Many foods that can be boiled – potatoes, carrots, broccoli and so on – can be steamed instead but is there a good reason to do so?
Food doesn’t cook that much faster in a steamer but it doesn’t need anything like as much water so it certainly uses a little less energy – and the liquid that remains after cooking is far more concentrated, making it an ideal base for gravy and stocks.
Another benefit is that vegetables generally hold on to a lot more of their nutrients when steamed; sitting in boiling water means a great deal of the natural salts and other minerals transfer into the water and are mostly tipped down the sink. Steam them and far more stay in the food item. This is usually noticeable in the flavour (providing you don’t over-cook them!) and means you’re getting more of the goodness from the food.
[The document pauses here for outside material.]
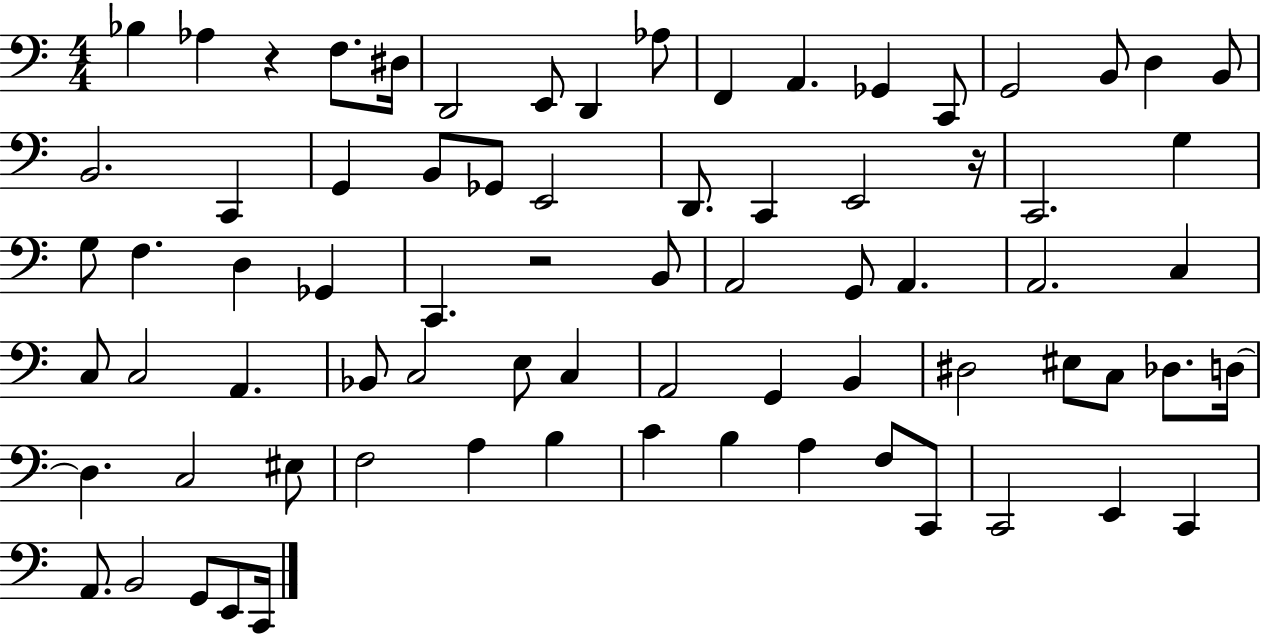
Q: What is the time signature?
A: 4/4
Fish is an excellent ‘steamer’ food; a delicately cooked piece of Salmon is hard to beat and Cod will retain more flavour (also, because it cooks undisturbed by stirring or bubbles, it generally comes out looking better). Vegetables, definitely. We’d pass up the chance to steam pasta though: for some things, boiling water is still king!
As an aside, one of the reasons water used for boiling food usually needs to be salted is that this brings the water’s salt content up to match that of the food being cooked, preventing so much salt from leaching out into the water. By steaming things, less of the natural salt leaves the food and so we don’t need any add any to the water.